In search of an autonomous solution, researchers at MIT developed an AI and machine learning system that addresses inconsistencies in Wikipedia articles. Thanks to a family of algorithms, it’s able to identify such errors and update the articles as needed, using the latest information from around the web to produce up-to-date sentences.
The algorithms in question were trained on a data set containing pairs of sentences, in which one sentence is a claim and the other is a relevant Wikipedia sentence. Each pair is labeled in one of three ways: “agree,” meaning the sentences contain matching factual information; “disagree,” meaning the two contain contradictory information; or “neutral,” where there’s not enough information for either label.
The system takes as input an outdated sentence from an article plus a “claim” sentence that contains updated and conflicting information. Two algorithms juggle the heavy lifting, including a fact-checking classifier that’s pretrained to label each sentence pair in a data set with “agree,” “disagree,” or “neutral.” A custom “neutrality masker” module identifies which words in the outdated sentence contradict the claim and removes the minimal number of words required to maximize neutrality so that the pair can be labeled as neutral, after which it creates a binary “mask” over the outdated sentence.
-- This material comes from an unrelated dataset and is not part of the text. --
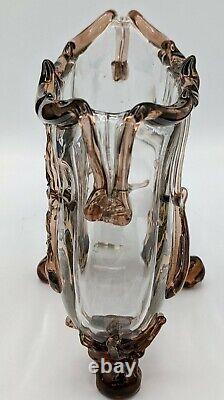 Antique Art Nouveau Harrach Glass Vase with Applied Glass Large 1880s to 1890s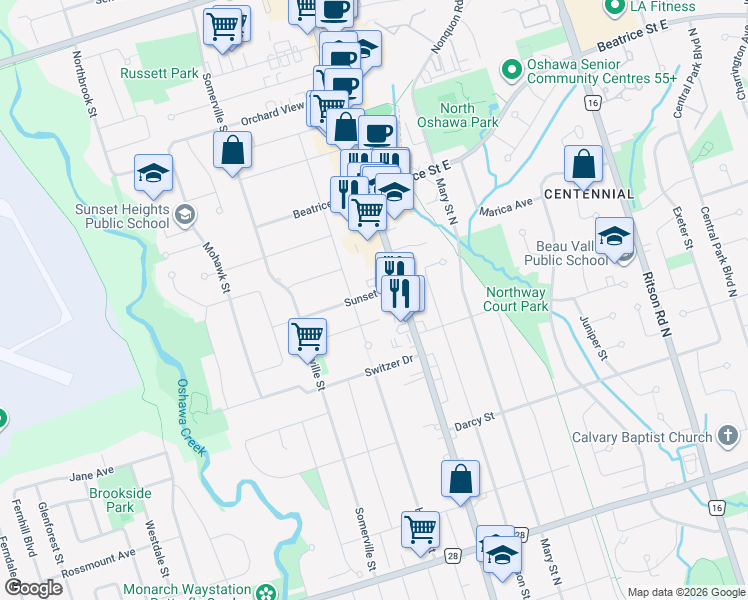 map of restaurants, bars, coffee shops, grocery stores, and more near 29 Sunset Drive in Oshawa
A two-encoder-decoder framework generates the final output sentence post-masking, such that the model learns compressed representations of the claim and the outdated sentence. The two encoder-decoders, working in conjunction, then fuse dissimilar words from the claim by sliding them into the spots left vacant by the deleted words.
The researchers say the system can also be used to augment corpora to minimize bias when training fake news detectors. Some of the detectors train on data sets of sentence pairs to learn to verify a claim by matching it to given evidence. In these pairs, the claim will either match certain information with a supporting “evidence” sentence from Wikipedia or will be modified to include information contradictory to the evidence sentence. The models are trained to flag claims with refuting evidence as false, which can be used to help identify fake news.
In a test, the team used the deletion and fusion techniques from the Wikipedia task to balance pairs in a data set and help mitigate bias. For some pairs, a modified sentence’s false information was used to regenerate fake evidence supporting a sentence. Some of the key phrases then existed in both the agree and disagree sentences, which forced the models to analyze more features.
The researchers report that their augmented data set reduced the error rate of a popular fake news detector by 13%. They also say that in the Wikipedia experiment, the system was more accurate in making factual updates and its output more closely resembled human writing.
Author: Kyle Wiggers.